The amounts payable hereunder shall not be reduced by the Executive's
earnings from other employment or self-employment after termination of his
employment with the Employers. The Executive agrees that, except for such other
payments and benefits to which the Executive may be entitled as expressly
provided by the terms of this Agreement, the payments provided for under this
Section 8(a)(iii) shall constitute liquidated damages and shall be in complete
satisfaction of the Employers' obligations under this Agreement.
(iv) In addition to the liquidated damages above described that are
payable to the Executive, subject to Section 11 of this Agreement, in the event
of any such termination without Cause or termination with Good Reason, during
the period in which payments are required to be made under Section 8(a)(iii)(A)
above, or for three years in the case of a termination described in Section
8(a)(iii)(B) above, or such longer period as may be provided by the terms of the
appropriate plan, the Employers shall continue in effect all medical,
prescription drug, dental, disability, employee life, group life and accidental
death insurance and other employee welfare plans for the benefit of the
Executive and, if applicable, the Executive's family, which would have been
provided to them in accordance with Section 4 of this Agreement if the
Executive's employment had not been terminated; provided, however, that if the
Executive is eligible to receive medical, prescription drug or dental
benefits under an employee benefits plan sponsored by a subsequent employer, the
medical prescription drug and dental benefits described herein shall be
secondary to those provided under such other plan during such applicable period
of eligibility.
(v) Subject to Section 11 of this Agreement, in the event of any such
termination without Cause or termination with Good Reason, if upon the date of
termination of the Executive's employment the Executive holds any options with
respect to stock of Corporation, all such options will immediately become
exercisable upon such date and will be exercisable for not less than three
months thereafter.
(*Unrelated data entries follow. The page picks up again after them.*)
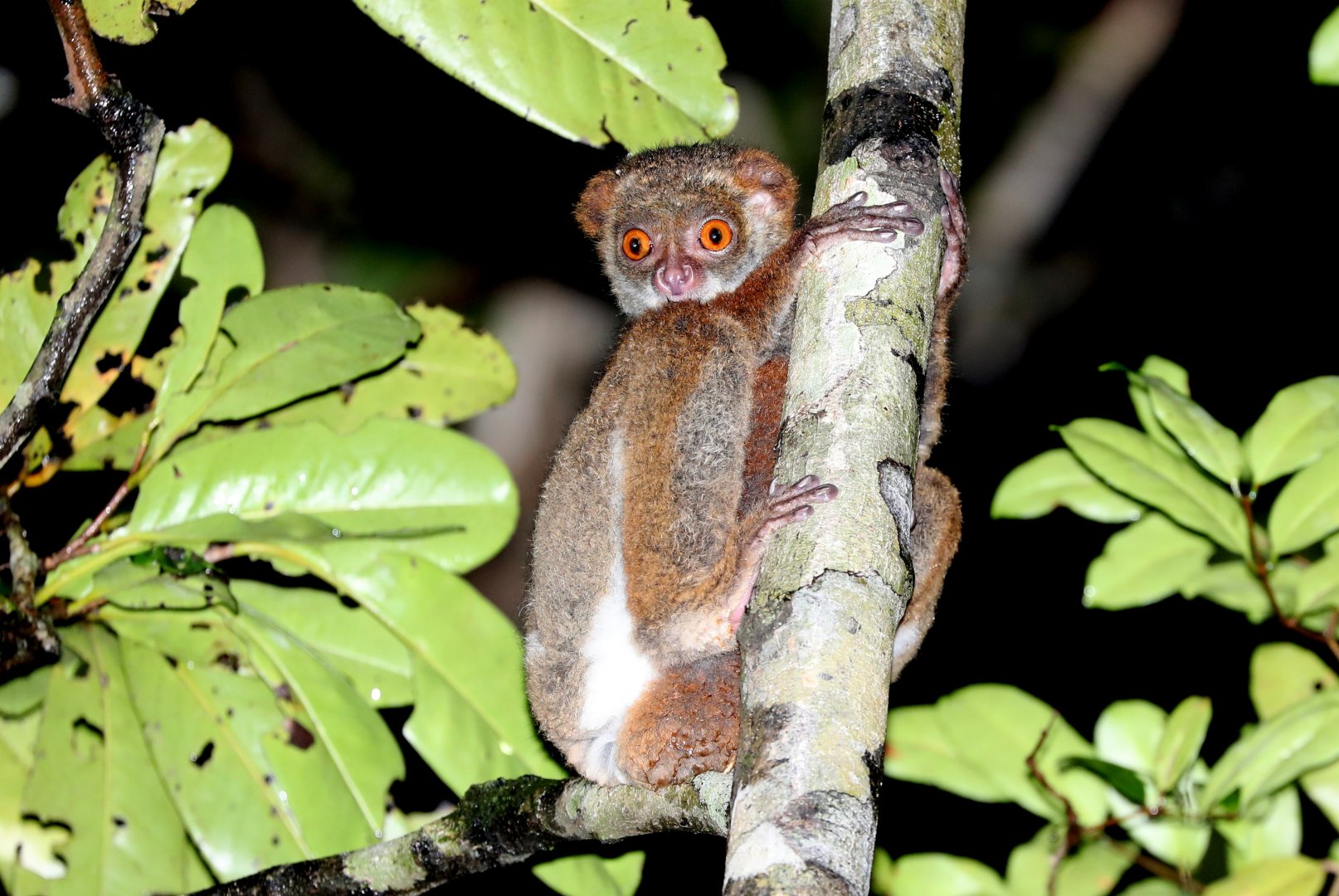 southern woolly lemur (Avahi meridionalis)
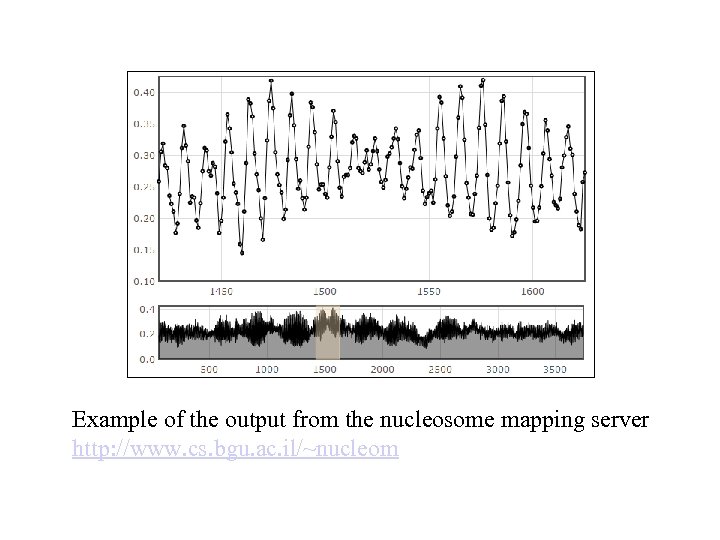 Example of the output from the nucleosome mapping server http: //www. cs. bgu. ac.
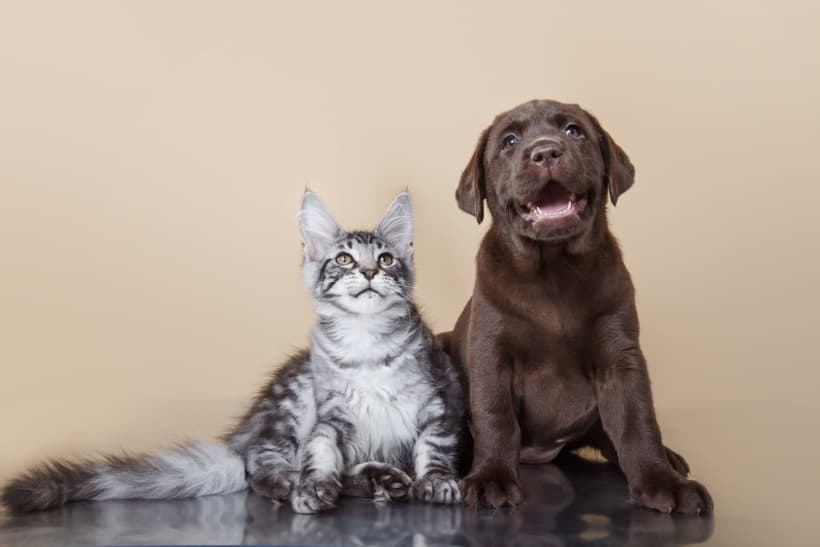 Kitten en pup zitten naast elkaar.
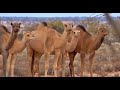 WILD CAMEL MANAGEMENT 1 #culling #hunting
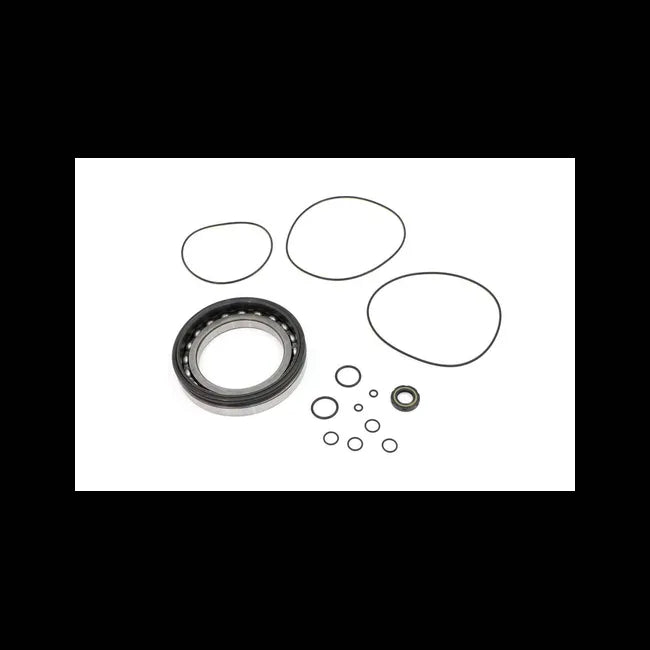 Major Rebuild Seal Kit for Travel Motors, 6688121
To the extent such acceleration of vesting or exercisability
of such options is not permissible under the terms of any plan pursuant to which
the options were granted, Employers will pay to Executive, in a lump sum, within
three month after termination of employment, an amount equal to the excess, if
any, of the aggregate fair market value of all stock of Corporation subject to
such options, determined on the date of termination of employment, over the
aggregate option price of such stock, and Executive will surrender all such
options unexercised. For the purposes of this Agreement, in the event that such
stock is listed on an established national or regional stock exchange, is
admitted to quotation on the Nasdaq Stock Market, or is publicly traded in an
established securities market, in determining the fair market value of the
stock, Employers shall use the average of the closing prices of such stock on
such exchange or in such market (the highest such closing price if there is more
than one such exchange or market) on the five trading dates immediately before
the date of termination (or, if there is no such closing price, then the Board
shall use the mean between the highest bid and lowest asked prices or between
the high and low prices on such date), or, if no sale of the Stock has been made
on one or more of such dates, on the next preceding day on which any such sale
shall have been made.
(vi) For purposes of this Agreement:
"Cause" shall mean the Executive's personal dishonesty, willful
misconduct, breach of fiduciary duty involving personal profit, willful failure
to perform stated duties, willful violation of any law, rule, or regulation
(other than traffic violations or similar offenses) or final cease-and-desist
order of the Federal Deposit Insurance Corporation ("FDIC") or a material breach
of any provisions of this Agreement. For purposes of this paragraph, no act, or
failure to act, on the Executive's part shall be considered "willful" unless
done, or omitted to be done, by him not in good faith and without reasonable
belief that his action or omission was in the best interest of the Employers;
provided that any act or omission to act on the Executive's behalf in reliance
upon an opinion of counsel satisfactory to the Employers shall not be deemed to
be willful.
"Good Reason" shall mean:
(1) the assignment to the Executive by the Employers of duties
materially inconsistent with the Executive's position, duties, responsibilities,
and status as President and Chief Executive Officer of the Employers, a material
adverse change in the Executive's titles or offices, any removal of the
Executive from or any failure to reelect the Executive to any of such officer
positions, except in connection with the termination of his employment for
Cause, or any action that would have a material adverse effect on the physical
conditions in which or location at which the Executive performs his employment
duties;
(2) a reduction by the Employers in the Executive's salary under
Section 2(a) without the Executive's consent; or
(3) any other action or inaction that constitutes a material
breach by the Employers or either of them of this Agreement.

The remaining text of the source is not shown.